A paraense Moara Brasil, que atualmente mora em São Paulo, também apontou a incoerência. “Sou uma paraense que teve que sair da sua cidade para ser valorizada pela própria cidade, porque a mente colonizada ainda persiste de gostar somente daquilo que é de fora. […] É papel do curador ‘curar’, é papel do curador pesquisar, consultar, entender o contexto regional e inclusive é papel do curador compreender também a casa que será grafitada […], entender se existem artistas indígenas nesse território indígena que queiram pintar suas casas! Curadorias assim só pioram o mercado, a visibilidade da arte amazônida e aumenta a ferida de uma cena artística”, apontou.

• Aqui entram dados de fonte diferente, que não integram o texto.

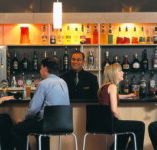 Pulp Lounge Bar - Redcliffe Tourism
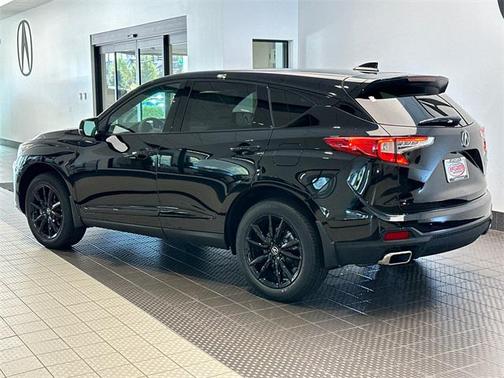 2025 Acura RDX Base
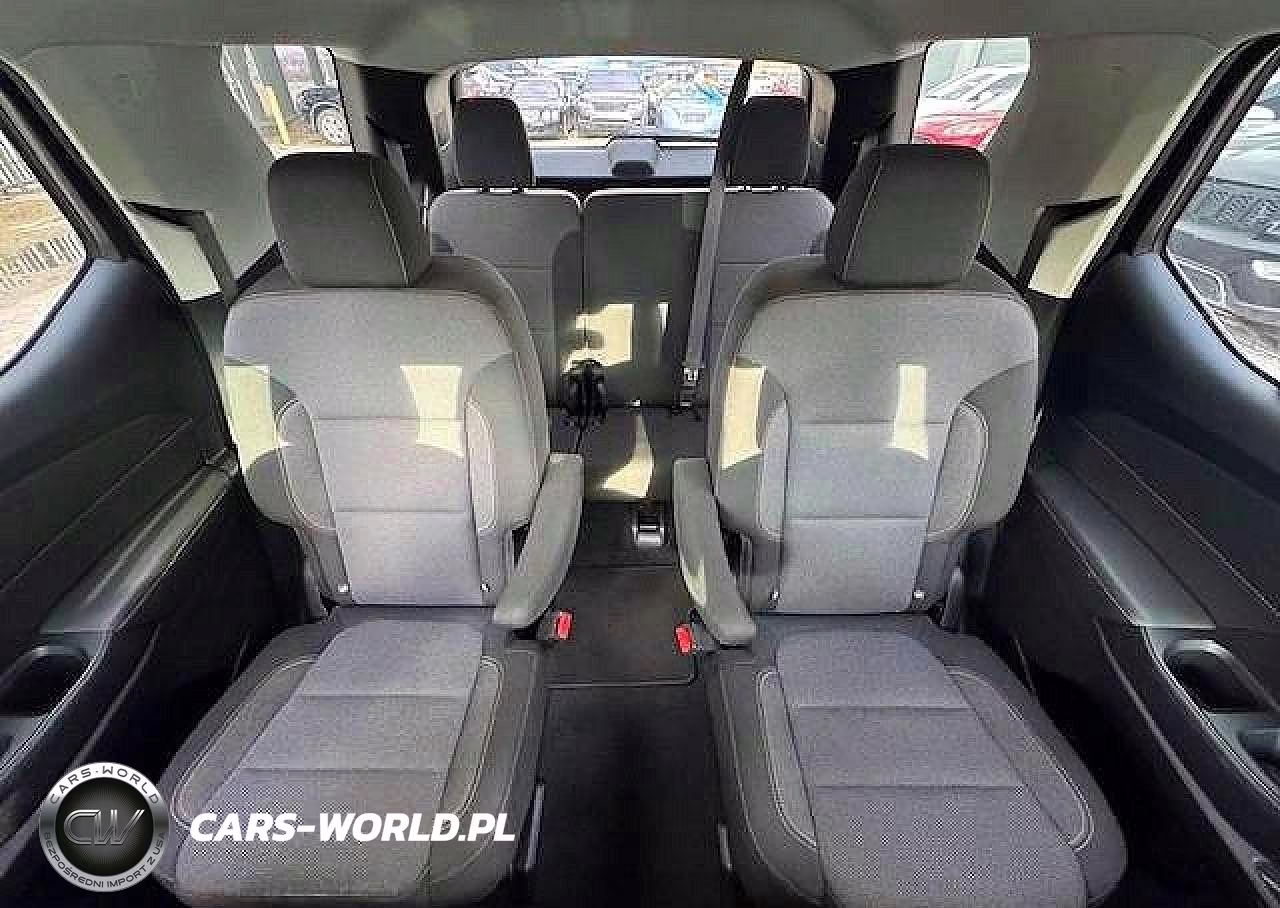 2021 Chevrolet Traverse Lt VIN:1GNERGKW7MJ168621 - 10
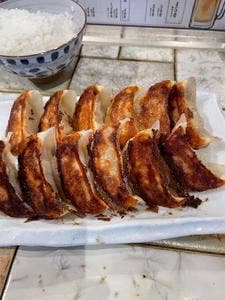 大阪王 吹田店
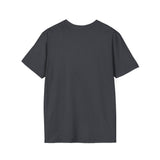 Tools of the Trade - Monk - Unisex T-Shirt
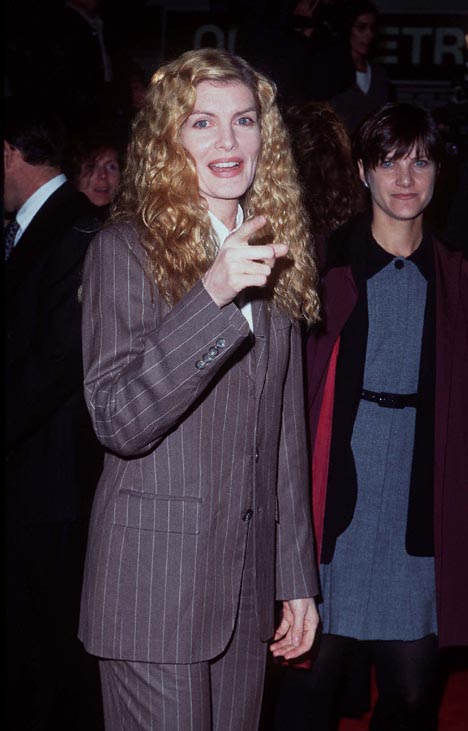 Rene Russo at event of Ransom (1996)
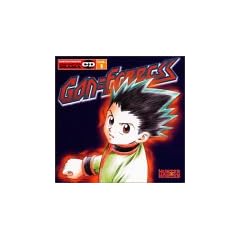 Character Drama CD Vol.1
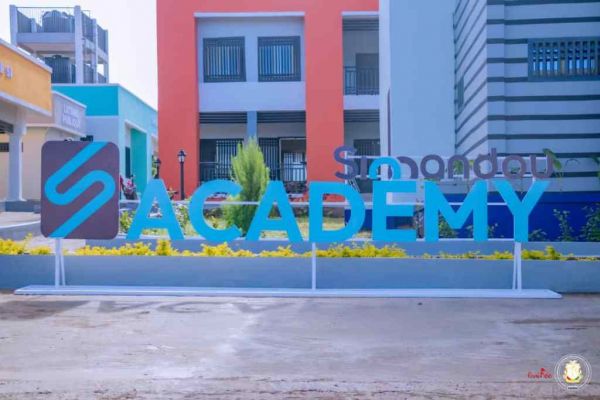 CPGE (Dalaba) : un nouveau chapitre dans la formation des cadres en Guinée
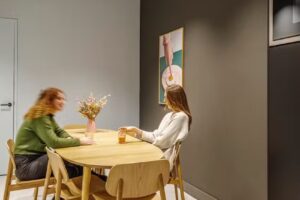 Gallery Salon Studios | Utrecht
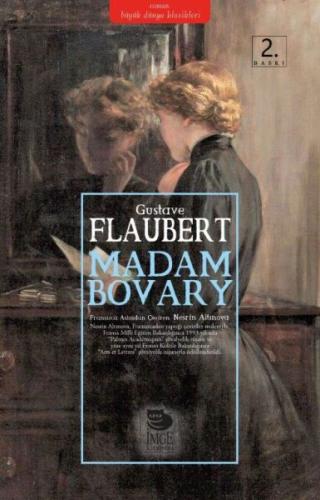 Madam Bovary | Kitap Ambarı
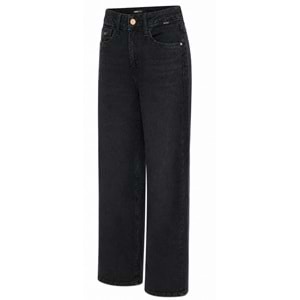 Mavi M101072-A3816 Victoria Smoke Gold Premium Denim Jean Kadın Kot Pantolon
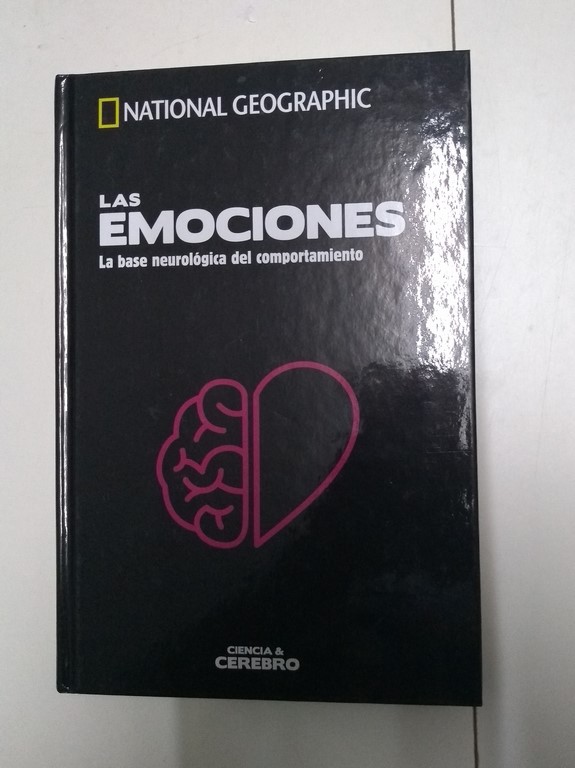 Las emociones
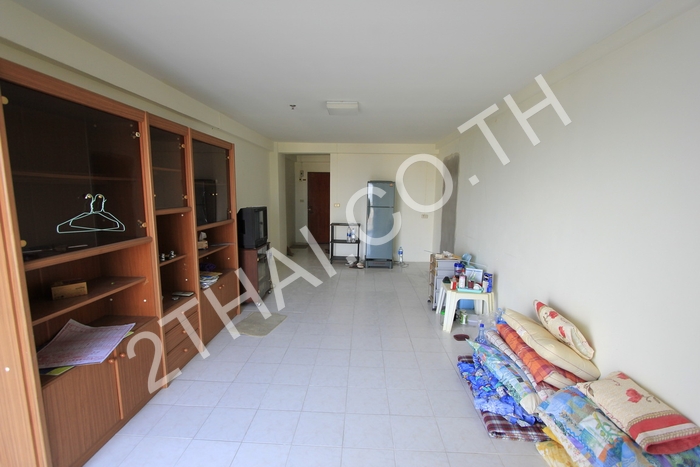 Jomtien Beach Condominium / คอนโดริมหาด จอมเทียน, พัทยา, จอมเทียน - photo, price, location map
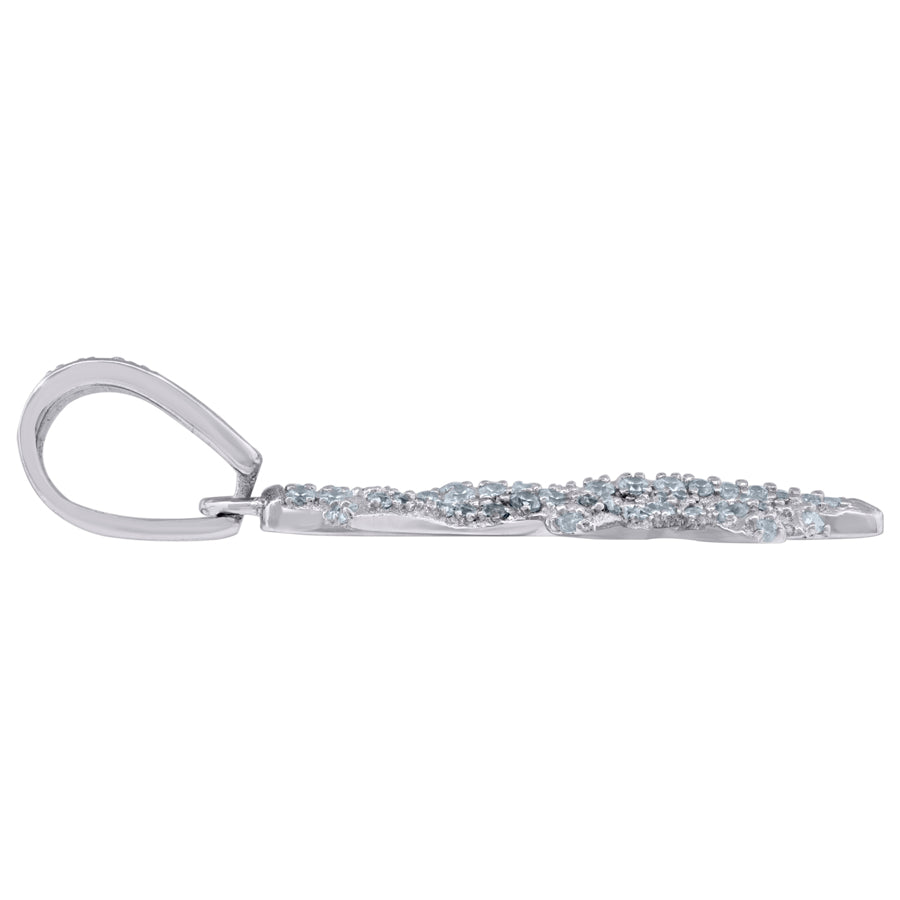 925-Sterling Silver Pendant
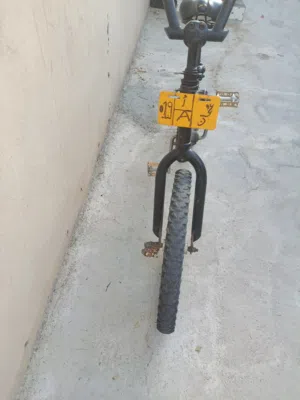 سيكا امورة طيبة كلشي مصلح فية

ARTISTAS CONVIDADAS FAZEM PARALISAÇÃO

Depois de serem bloqueadas nas redes sociais, as artistas passaram a fazer comentários marcando os perfis das participantes do evento. “Eles nos deram uma resposta porque as mulheres convidadas a participar exigiram deles uma retratação”, afirma Ester Guerreiro, do Freedas Crew. Em mensagens enviadas diretamente às paraenses, as convidadas afirmaram entender todas as questões levantadas e decidiram paralisar temporariamente. Pelo calendário do evento, elas chegaram em Belém com dias de antecedência para começar as pinturas e concluí-las durante este final de semana, com a visitação do público.

“Elas postaram cada uma nos stories das páginas do Instagram sobre o posicionamento de paralisação temporária. Por pressão delas, eles marcaram uma roda de conversa na sexta”, destaca Ester, referindo a uma segunda nota da organização do evento, chamando as artistas locais para uma conversa aberta – sexta, às 18h, com local a definir – para colocar suas questões em debate junto com as convidadas. “Não foi iniciativa da organização e te afirmo isso. O evento está na quinta ou sexta edição e nunca fizeram isso. Essa conversa só foi marcada pela dimensão que tudo isso tomou”, finaliza.